#### Records shown:
- Opening Delimiter -
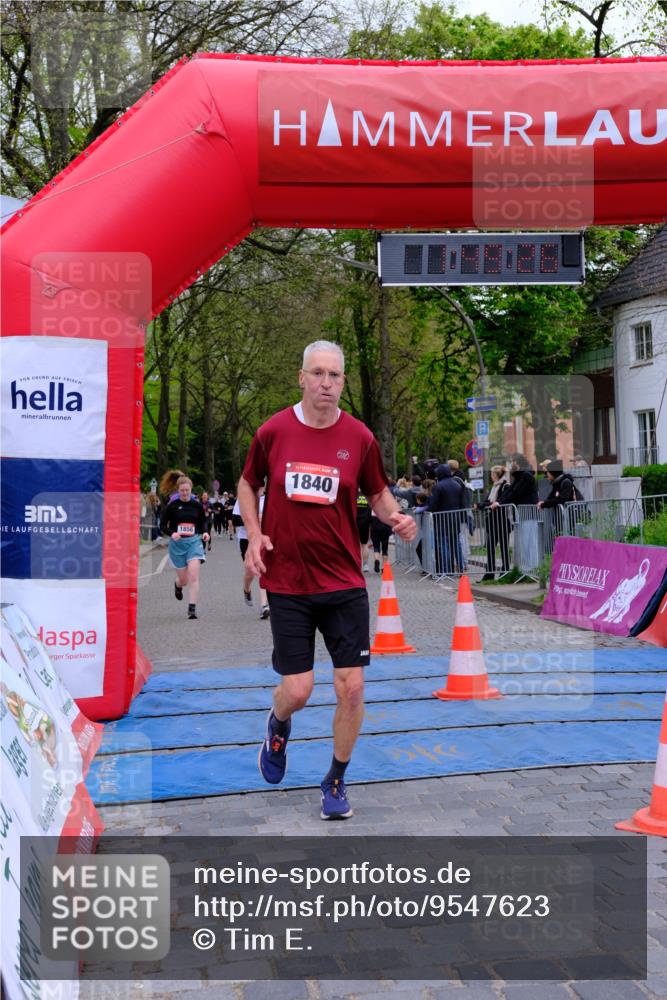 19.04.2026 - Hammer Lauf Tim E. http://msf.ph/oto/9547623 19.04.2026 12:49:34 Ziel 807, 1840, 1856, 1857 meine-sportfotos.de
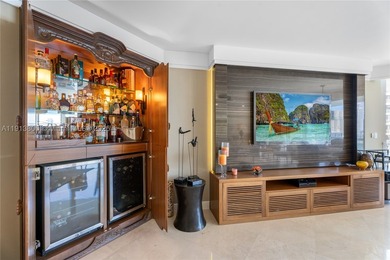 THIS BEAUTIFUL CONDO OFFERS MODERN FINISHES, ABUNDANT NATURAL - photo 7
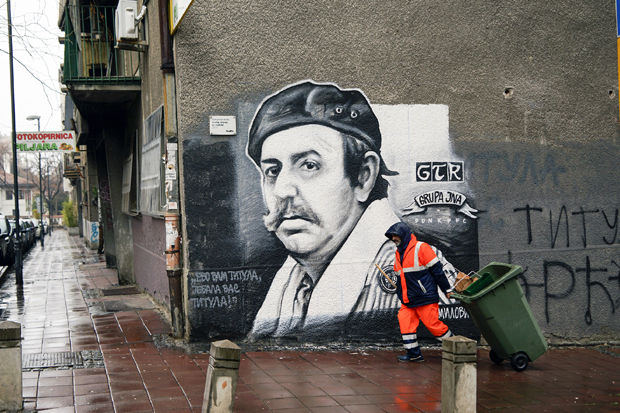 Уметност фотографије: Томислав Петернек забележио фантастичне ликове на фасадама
- Closing Delimiter -
- Opening Delimiter -
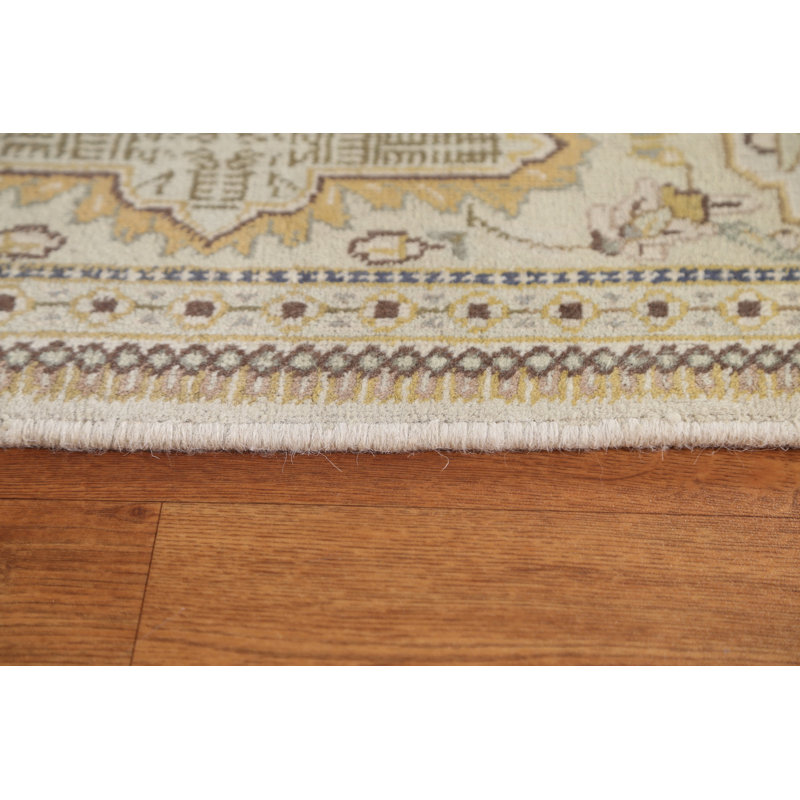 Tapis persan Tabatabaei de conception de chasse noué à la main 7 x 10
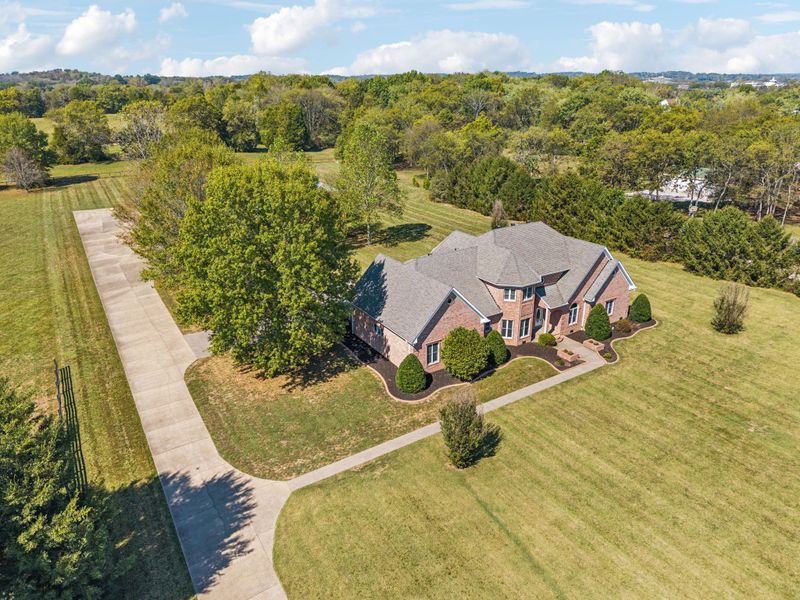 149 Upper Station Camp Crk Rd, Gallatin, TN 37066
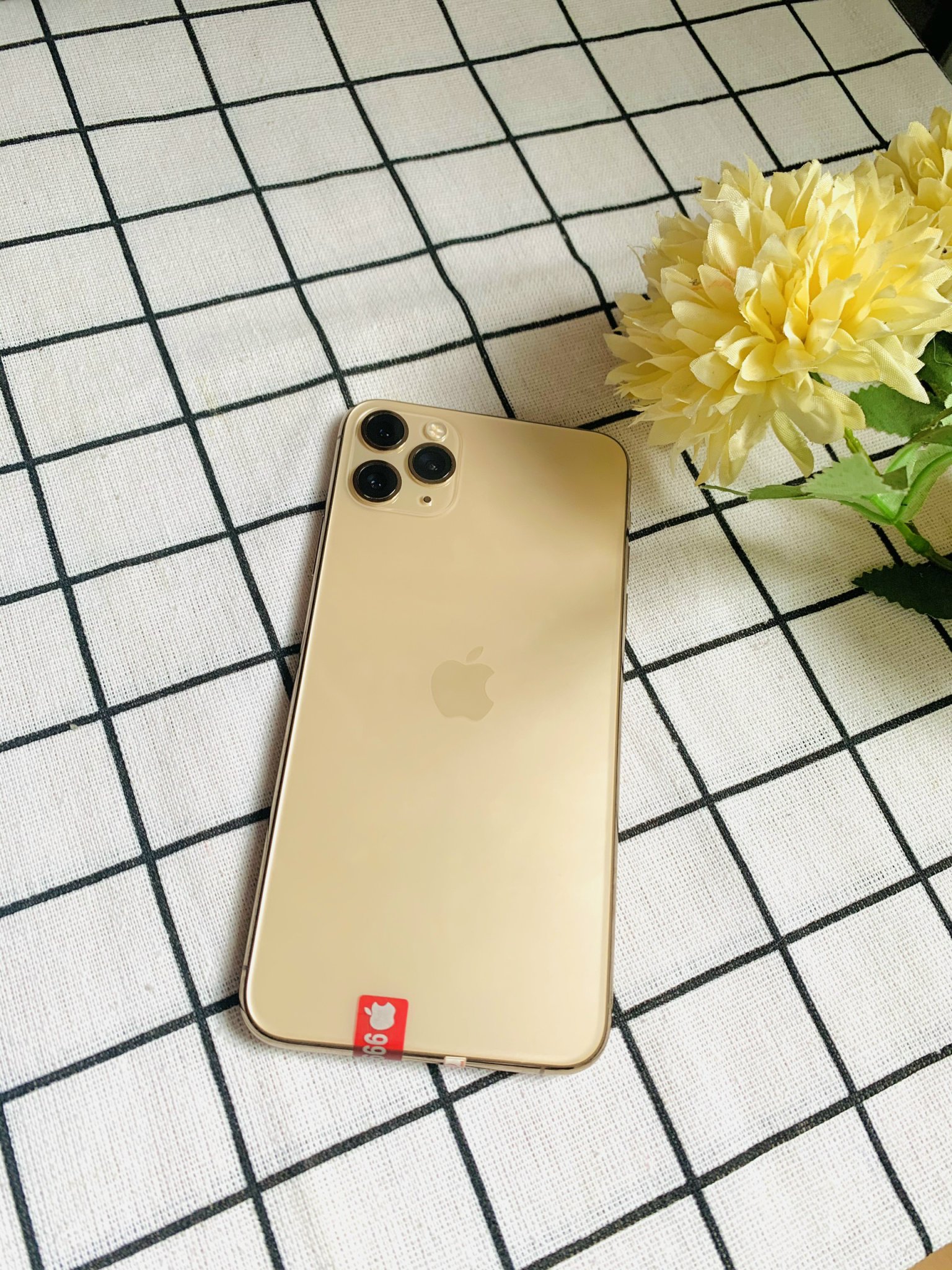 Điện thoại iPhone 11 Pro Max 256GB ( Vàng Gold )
- Closing Delimiter -
- Opening Delimiter -
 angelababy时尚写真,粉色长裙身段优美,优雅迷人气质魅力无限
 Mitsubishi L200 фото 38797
- Closing Delimiter -
Print the lines above from the one with "angelababy时尚写真,粉色长裙身段优美,优雅迷人气质魅力无限" through the one with "Mitsubishi L200 фото 38797", both included, exactly as written and nothing more.

#### Result of this task:
 angelababy时尚写真,粉色长裙身段优美,优雅迷人气质魅力无限
 Mitsubishi L200 фото 38797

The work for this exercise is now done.